Google DeepMind has developed an AI "co-clinician" designed to assist doctors in patient care. Although the system achieved impressive results in blind tests against leading AI tools like GPT-5.4, it still falls short of experienced physicians in real-world simulated consultations.
The AI co-clinician is built around a "triadic care" model, where AI agents help guide patients through treatment under a doctor's supervision. Researchers evaluated the system using the NOHARM framework, checking for errors of commission and omission.
In a blind comparison of 98 realistic primary care queries, physicians preferred the AI co-clinician's responses over an existing clinical AI system (67 to 26) and GPT-5.4-thinking-with-search (63 to 30). The system made a critical error in only one case.
On medication-related questions from the RxQA benchmark, the AI co-clinician scored 73.3%, slightly ahead of GPT-5.4 at 72.7%. When questions were open-ended—mimicking real-world doctor queries—the AI co-clinician achieved a 95% quality score versus GPT-5.4's 90.9%.

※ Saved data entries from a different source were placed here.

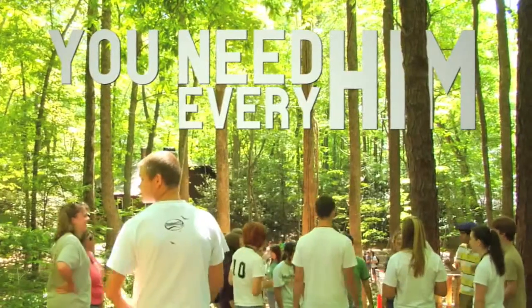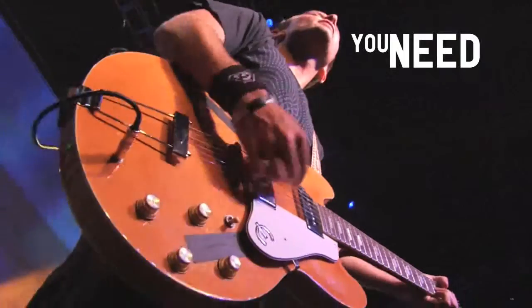You need Him every hour, every minute, every second. In fact, you need Him all the time, and there's never a time when you don't need Him.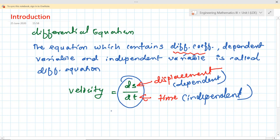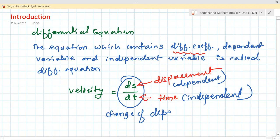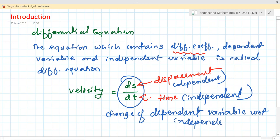So what does it mean? It means the change of the dependent variable with respect to the independent variable — and that is our differential coefficient. Similarly, acceleration is the change in velocity with respect to time, where v is dependent and t is independent.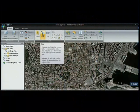One of the first things you'll notice is the new ribbon. It's well designed, it's intuitive, and it makes ArcGIS Explorer very easy to use.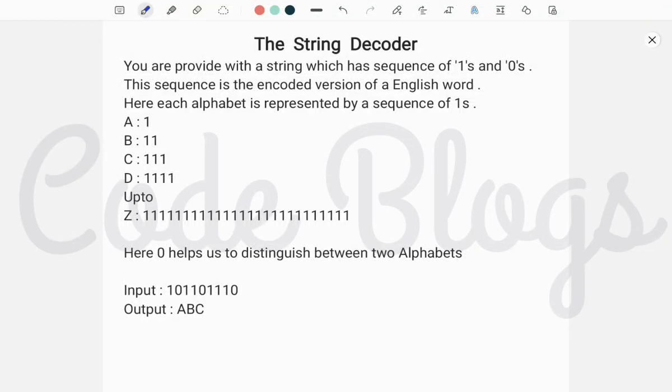Hello friends, welcome to my channel Codeblocks. In this video, I want to discuss another WIPRO Talliennes problem, and that problem is the String Decoder.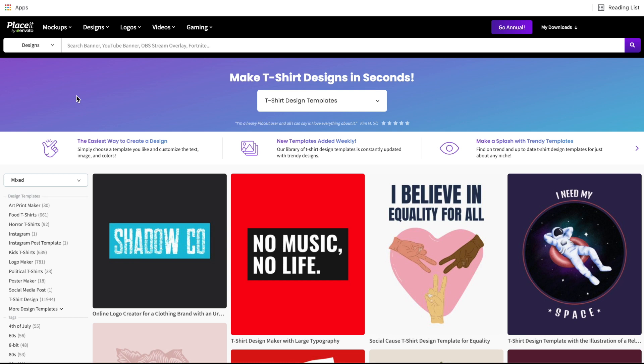Hi everyone, welcome back to another Placeit tutorial. In today's video I'm going to be sharing some tips and tricks when you are creating t-shirt designs on Placeit. I've been using Placeit for a few years and there are definitely some things I wish I knew when I first started out, and those are the things I'm going to share with you today. So without further ado, let's go ahead and get started.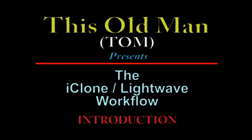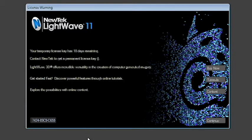So this old man said, let's get something out there — and here it is. You'll also notice I'm using the LightWave Discovery version, which is the 30-day trial, because I'm doing these on my office computer rather than my workstation.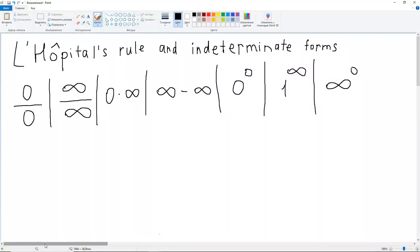Hello everyone, my name is Oluakiem and today we're going to talk about L'Hôpital's rule and its application for the solution of indeterminate forms of limits.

The team also tested multimodal capabilities for telemedicine, using audio and video in simulated visits. The AI co-clinician demonstrated skills beyond text, such as correcting inhaler technique and guiding shoulder exams. It runs on a dual-agent setup: a "Planner" monitors a "Talker" agent to ensure safe clinical boundaries.
However, in a full consultation quality assessment across 140 aspects, experienced physicians outperformed the AI overall—especially in catching red flags and conducting physical exams. The AI matched or beat primary care doctors in 68 areas, while OpenAI's GPT-realtime lagged in all seven domains.
Researchers emphasize that the AI is best used as a support tool, not a replacement. DeepMind researcher Alan Karthikesalingam noted, "While it's early days, the promise is clear." It remains uncertain if the project will become a product.